• _WORK REQUIRED_:
The answer should hold only the lines from the one containing "Demre’deki orman yangını" through the one containing "Weather Camera Image" in the entries below, copied exactly, without pictures.

• _DATA PROVIDED_:
=== Section Start ===

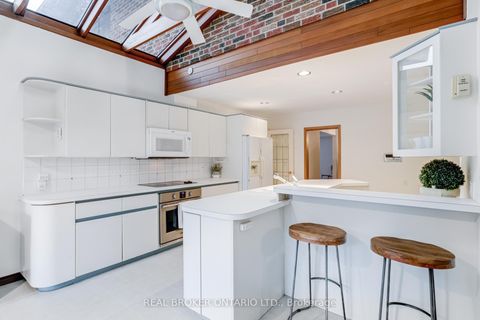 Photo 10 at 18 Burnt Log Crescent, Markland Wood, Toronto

=== Section End ===
=== Section Start ===

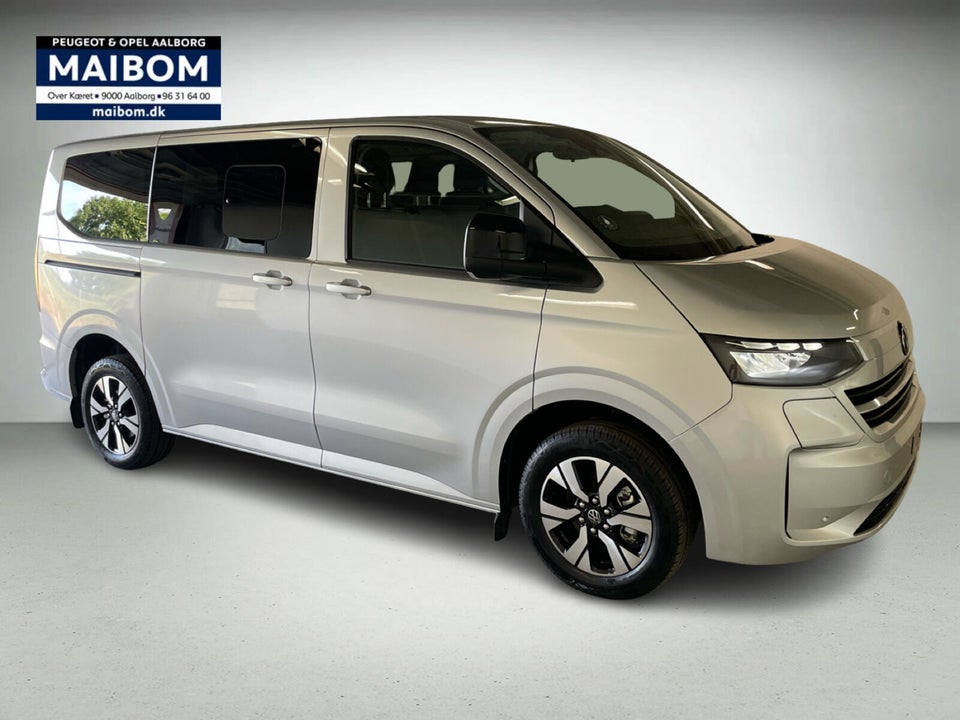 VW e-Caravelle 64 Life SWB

=== Section End ===
=== Section Start ===

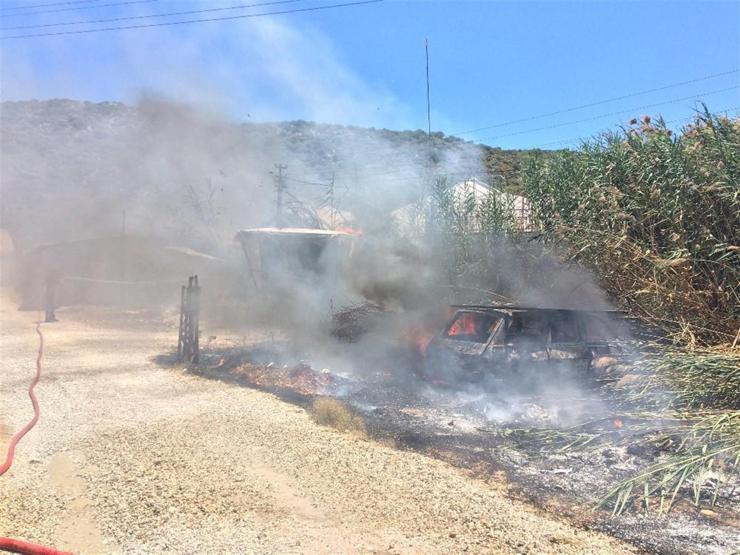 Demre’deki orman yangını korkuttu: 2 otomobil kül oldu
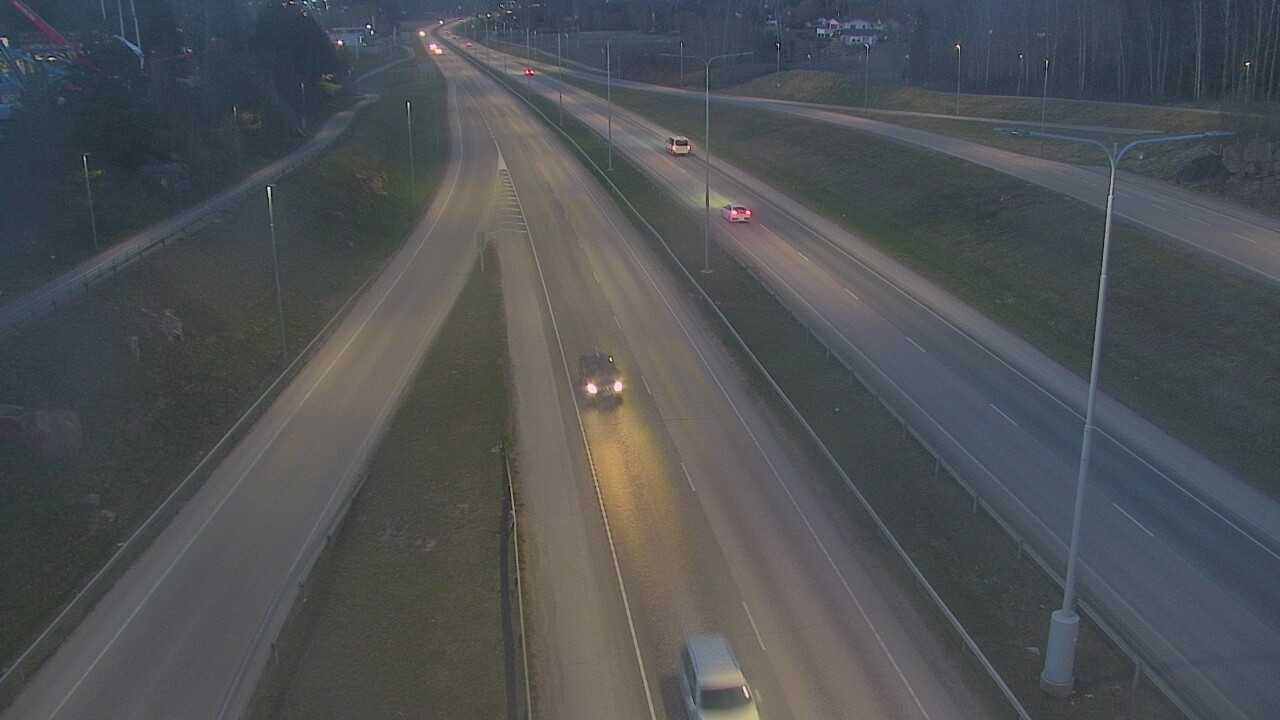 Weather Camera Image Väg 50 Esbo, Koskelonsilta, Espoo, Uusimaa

=== Section End ===

• _WRITTEN SOLUTION_:
 Demre’deki orman yangını korkuttu: 2 otomobil kül oldu
 Weather Camera Image Väg 50 Esbo, Koskelonsilta, Espoo, Uusimaa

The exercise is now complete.